Pelvic structural abnormalities of the 19 patients included external rectal prolapse (ER) in 10.5% (2/19), high grade internal rectal prolapse (IR) in 57.8% (11/19), rectocele in 52.6% (10/19), enterocele in 15.7% (3/19), cystocele/vaginal prolapse in 15.7 (3/19), descending perineum (DP) in 63.5% (12/19). 89.4% patients (17/19) showed at least two co-existed abnormalities and 15.7% (3/19) showed multicompartmental abnormalities.
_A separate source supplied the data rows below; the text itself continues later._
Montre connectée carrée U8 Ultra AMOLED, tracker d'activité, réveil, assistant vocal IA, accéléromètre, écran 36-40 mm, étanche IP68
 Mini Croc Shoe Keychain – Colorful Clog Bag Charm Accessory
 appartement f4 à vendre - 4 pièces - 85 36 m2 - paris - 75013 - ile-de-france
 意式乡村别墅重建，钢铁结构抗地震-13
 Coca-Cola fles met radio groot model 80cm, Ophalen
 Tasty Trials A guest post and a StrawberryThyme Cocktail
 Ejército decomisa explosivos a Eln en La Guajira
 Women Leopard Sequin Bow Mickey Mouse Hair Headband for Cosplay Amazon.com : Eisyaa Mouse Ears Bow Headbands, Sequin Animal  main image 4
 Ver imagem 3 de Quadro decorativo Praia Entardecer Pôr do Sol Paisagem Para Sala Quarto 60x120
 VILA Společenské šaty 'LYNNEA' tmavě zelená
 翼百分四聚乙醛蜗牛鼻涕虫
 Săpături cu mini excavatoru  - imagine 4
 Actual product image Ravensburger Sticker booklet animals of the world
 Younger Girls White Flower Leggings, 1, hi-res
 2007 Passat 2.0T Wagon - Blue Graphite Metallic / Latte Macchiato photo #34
The mean follow-up was 9 months (range 1-18). No mesh-related complication was observed. At last available follow-up (LAFU), improvement of OD symptom was observed in 15 (78.9%) patients, the mean scores of CCCS decreased from 17 to 10 (p < 0.05), all four subsets of PAC-QoL scores improved, and three of them (physical discomfort, worries and concerns, satisfaction) showed statistical significance (p < 0.05).

CONCLUSION

Laparoscopic ventral rectopexy appears to be a safe and effective procedure for obstructed defecation in Chinese patients with overt pelvic structural abnormalities in short-term follow-up.

摘要

目的

在过去十年中,随着腹腔镜直肠前壁固定术(LVR)越来越受欢迎,来自非西方地区的研究仍然很少。本初步研究的目的是评估LVR治疗中国有明显盆腔结构异常的排便障碍(OD)患者的疗效和安全性。

方法

介绍了一系列连续19例接受LVR治疗OD的患者。所有患者均表现出各种形式的盆腔结构异常,经动态排粪造影检查证实。前瞻性记录数据,并使用克利夫兰诊所便秘评分(CCCS)和患者便秘生活质量评估评分(PAC-QoL)评估功能结局。

结果

19例患者的盆腔结构异常包括10.5%(2/19)的直肠外脱垂(ER)、57.8%(11/19)的高度直肠内脱垂(IR)、52.6%(10/19)的直肠膨出、15.7%(3/19)的肠膨出、15.7%(3/19)的膀胱膨出/阴道脱垂、63.5%(12/19)的会阴下降(DP)。89.4%的患者(17/19)至少存在两种并存异常,15.7%(3/19)表现为多腔室异常。平均随访9个月(范围1-18个月)。未观察到与网片相关的并发症。在最后一次有效随访(LAFU)时,15例(78.9%)患者的OD症状得到改善,CCCS的平均评分从17降至10(p<0.05),PAC-QoL评分的所有四个子集均有所改善,其中三个子集(身体不适、担忧和关注、满意度)具有统计学意义(p<0.05)。

结论

在短期随访中,腹腔镜直肠前壁固定术似乎是治疗中国有明显盆腔结构异常的排便障碍患者的一种安全有效的手术方法。